Intro Harris and Klebold were both enrolled in video-production classes and kept five video tapes that were recorded with school video equipment.[53] Only two of these, "Hitmen for Hire" and "Rampart Range", and part of a third known as "Radioactive Clothing", have been released.[j] The remaining three tapes detailed their plans and reasons for the massacre, including the ways they hid their weapons and deceived their parents.[55] Most were shot in the Harris family basement, and are thus known as the Basement Tapes. Thirty minutes before the attack, they made a final video saying goodbye and apologizing to their friends and families.[56]
In December 1999, before anyone besides investigators had seen them, Time magazine published an article on these tapes.[57] The victims' family members threatened to sue Jefferson County. As a result, select victim families and journalists were allowed to view them, though the tapes were then withheld from the public and, in 2011, destroyed for fear of inspiring future massacres.[58] Transcripts of some of the dialogue and a short clip recorded surreptitiously by a victim's father still exist. The pair claimed they were going to make copies of the tapes to send to news stations but never did so.[59]

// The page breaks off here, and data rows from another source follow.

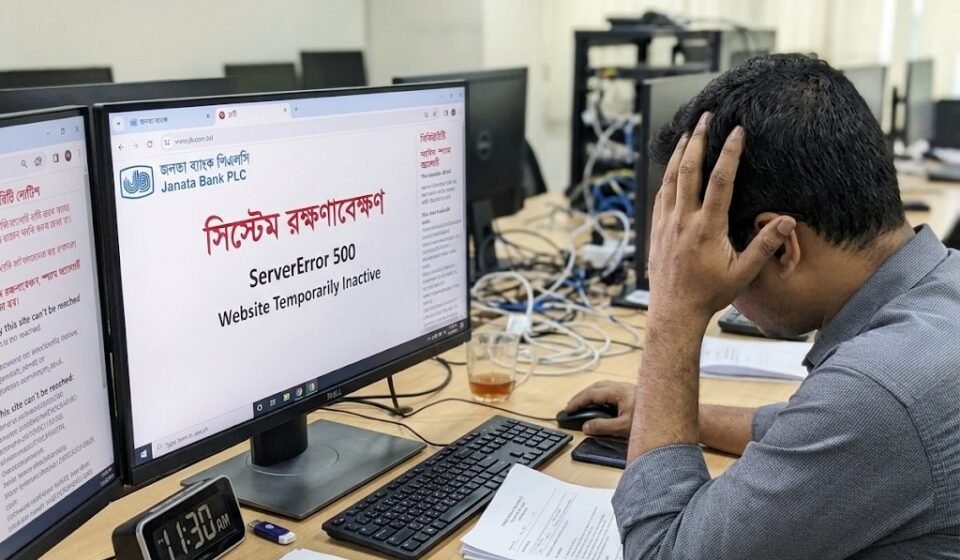 দুই জায়গায় স্প্যাম, বেলা সাড়ে ১১টা পর্যন্ত সচল হয়নি জনতা ব্যাংকের ওয়েবসাইট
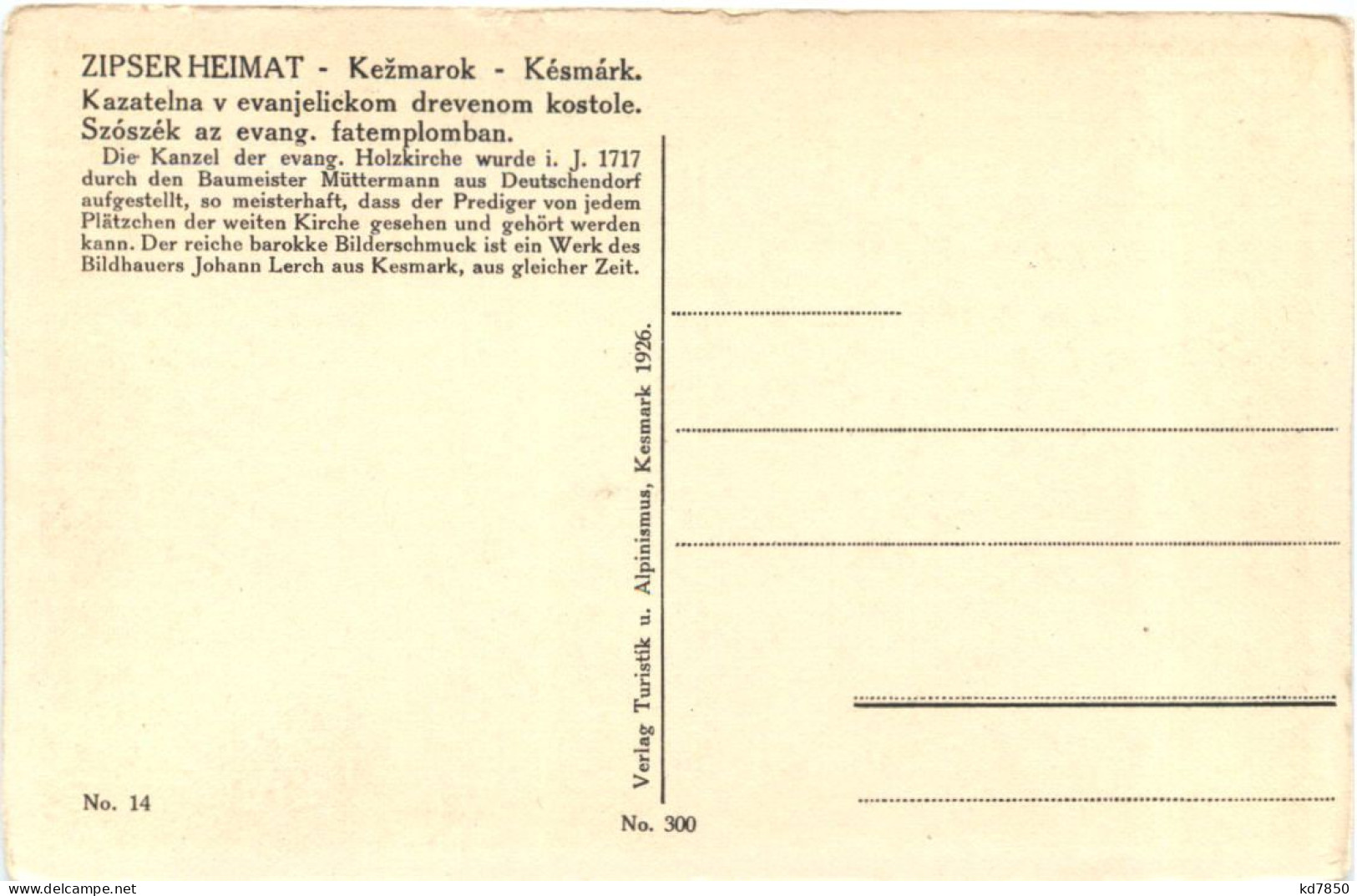 Kesmark - Zipser Heimat - Slovacchia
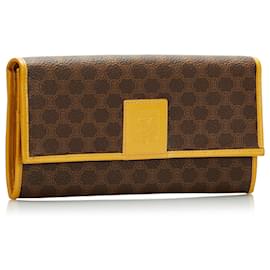 Céline-Celine Brown Macadam Long Wallet-Brown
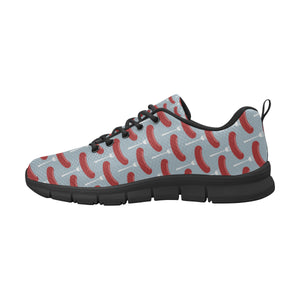 Sausage Pattern Print Design 02 Women's Sneaker Shoes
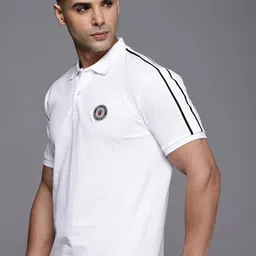 Louis Philippe Sport Polo Collar Pure Cotton Slim Fit T-shirt-picture-31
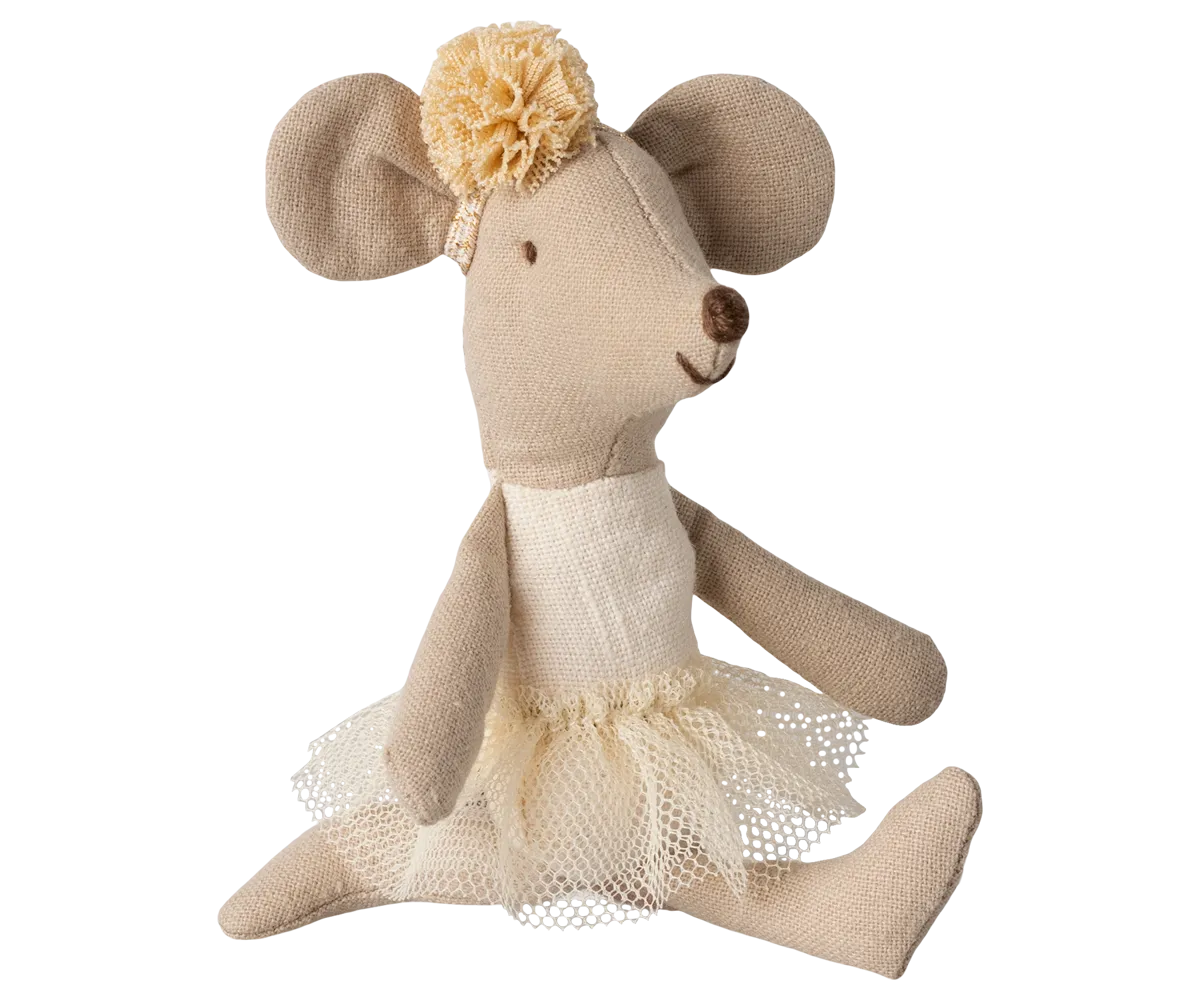 Maileg Ballerina Mouse - Little Sister - Off White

When an economics class had Harris make an ad for a business, he and Klebold made a video called Hitmen for Hire on December 8, 1998, which was released in February 2004. It depicts them as part of the Trench Coat Mafia, a clique in the school who wore black trench coats and opposed jocks,[60] extorting money for protecting preps from bullies.[16][61][62] Klebold and Harris themselves were apparently not a part of the Trench Coat Mafia but were friends with some of its members.